World Events

L.A. brush fire: ‘This is not normal’ Topanga Canyon used to flames, but this early

The temperatures were cool, the skies overcast with some drizzle.

But that didn’t stop the Palisades fire from continuing to threaten communities in Topanga Canyon on Sunday.

This is fire country. And residents know the dangers. But for many, they consider the summer and fall the dangerous times — when Santa Ana winds combine with hot temperatures.

But this weekend was classic May gray.

“If you look out any window or if you step outside, all you see is just billowing smoke everywhere,” said Jessica Rogers, president of the Pacific Palisades Residents Assn. As she spoke with a reporter, she received a notice that a portion of the Palisades Highlands was being placed under an evacuation warning due to shifting winds.

RELATED: Palisades fire: What you need to know

“My daughter said, ‘Mommy I’m very scared,’” Rogers said, adding that the noise of the helicopters was unnerving. A couple of hours later, her children and their father evacuated, opting to stay with family in Santa Monica, she said.

The Palisades fire had grown to 1,325 acres and was 0% contained. With an evacuation order in place for homes near Topanga Canyon Road, about 1,000 people had been displaced, authorities said Sunday.

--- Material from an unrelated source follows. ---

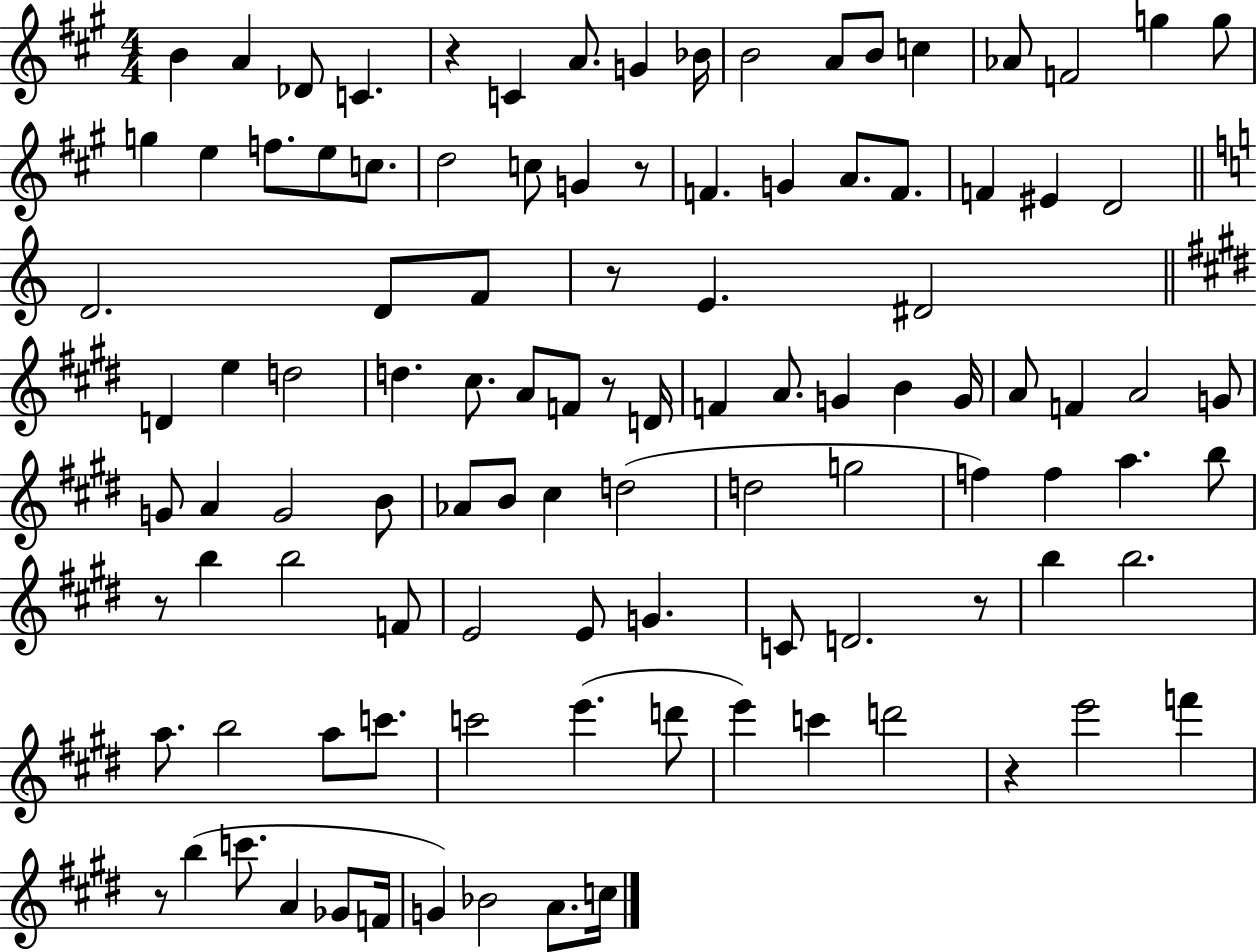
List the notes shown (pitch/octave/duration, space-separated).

The fire was burning through dense, old-growth chaparral that hadn’t burned in more than 50 years, authorities said. The vegetation was very dry due to a lack of recent rainfall, as well as longer-term drought.

The cool weather and damp conditions were helping firefighters, but it was still a tough fight.

“This is not normal, to have a big fire like this in May,” said Scott Ferguson, board chair of the Topanga Coalition for Emergency Preparedness. “This is the type of thing we’d usually be doing in November.”